New advisers to bear the brunt of Covid-19’s bite

New advisers to bear the brunt of Covid-19’s bite

Newer advisers will be hit hardest by the financial impact of the coronavirus crisis due to their reliance on new business, advisers have warned.

Experienced advisers said attention has turned to the drop in new business that has knocked initial fees and one-off payments.

Businesses at an earlier stage of their lifespans are likely to rely more on initial revenue, which is set to be worst affected by the market and financial uncertainty caused by the coronavirus crisis.

Article continues after advert

Ruth Whitehead, of Ruth Whitehead Associates, said: “I’m sure I am not the only IFA firm deeply grateful for ongoing income, however depleted, in the current circumstances.

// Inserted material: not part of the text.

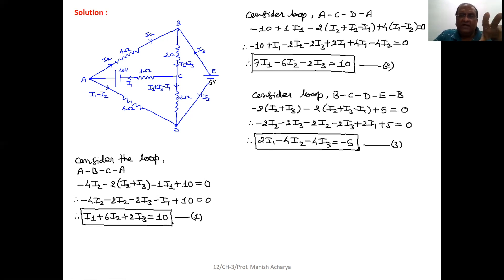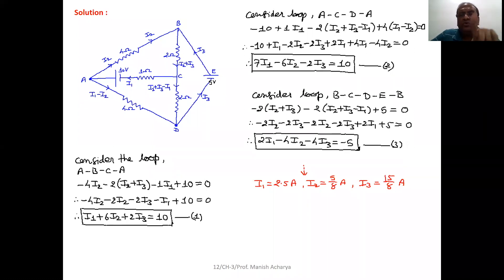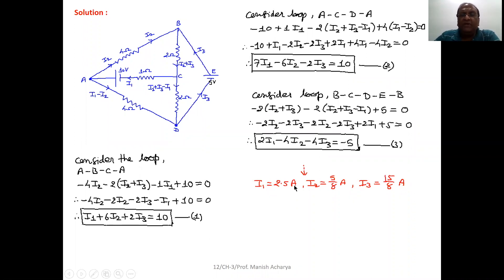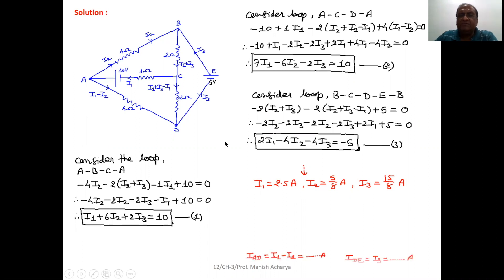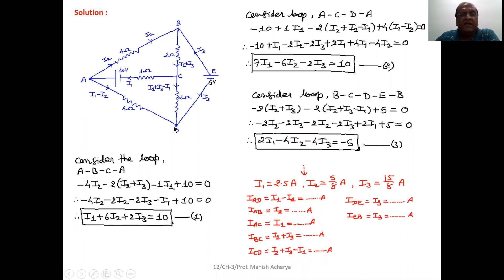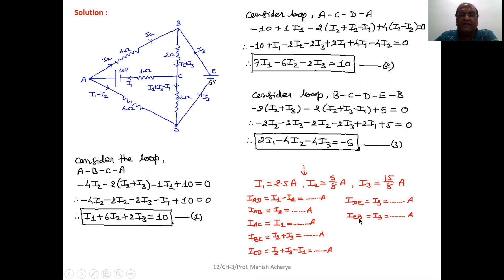Using the elimination method, solve for I1, I2, and I3. Finally, you get I1 = 2.5 A, I2 = 5/8 A, and I3 = 15/8 A. Now find the current through each branch. For the AD branch, the current is I1 − I2 = 2.5 − 5/8. In this manner, calculate the current through each branch of the network.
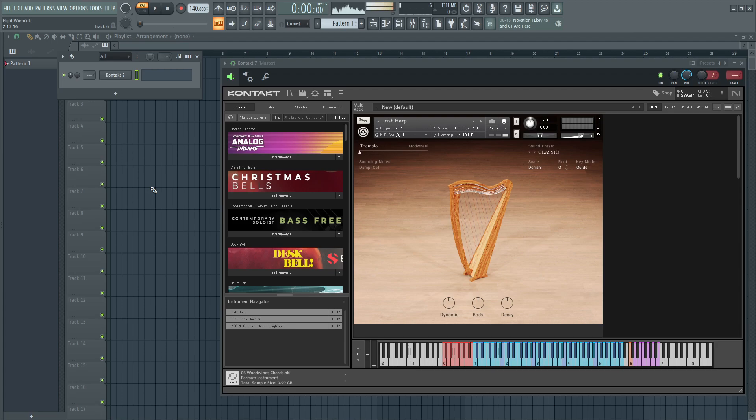Alright, so this is how to route contact mini-channels in FL Studio. First of all, you're going to want to set the target mixer track to something like 1.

“I know so many firms almost entirely dependent on a constant flow of new instructions who are deeply worried about the future.”

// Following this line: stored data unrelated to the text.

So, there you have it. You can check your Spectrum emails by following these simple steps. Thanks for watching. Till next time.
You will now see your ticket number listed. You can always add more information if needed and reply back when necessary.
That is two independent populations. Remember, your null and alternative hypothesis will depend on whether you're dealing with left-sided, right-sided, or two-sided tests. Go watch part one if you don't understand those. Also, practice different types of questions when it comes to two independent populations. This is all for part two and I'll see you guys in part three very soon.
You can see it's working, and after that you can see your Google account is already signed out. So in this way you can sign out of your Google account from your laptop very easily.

While March’s severe market drops raised concerns that ongoing fees could be chipped away by lower assets under management, the subsequent recovery has lessened those worries for now.

Instead, advisers are more concerned about the longevity of their businesses – and while established companies have been able to maintain their clients’ trust, young advisers without a track record will lack the financial resources to overcome any drop in revenue.

Martin Bamford, head of client education at Informed Choice, agreed. He said: “The headlines showing massive drops in global equity markets are not the experience of the majority of clients invested in well-diversified portfolios.

“Looking over the past year, the maximum loss in our client portfolios is around 5 per cent, and less than that on average, so our recurring revenue will hold steady for now.”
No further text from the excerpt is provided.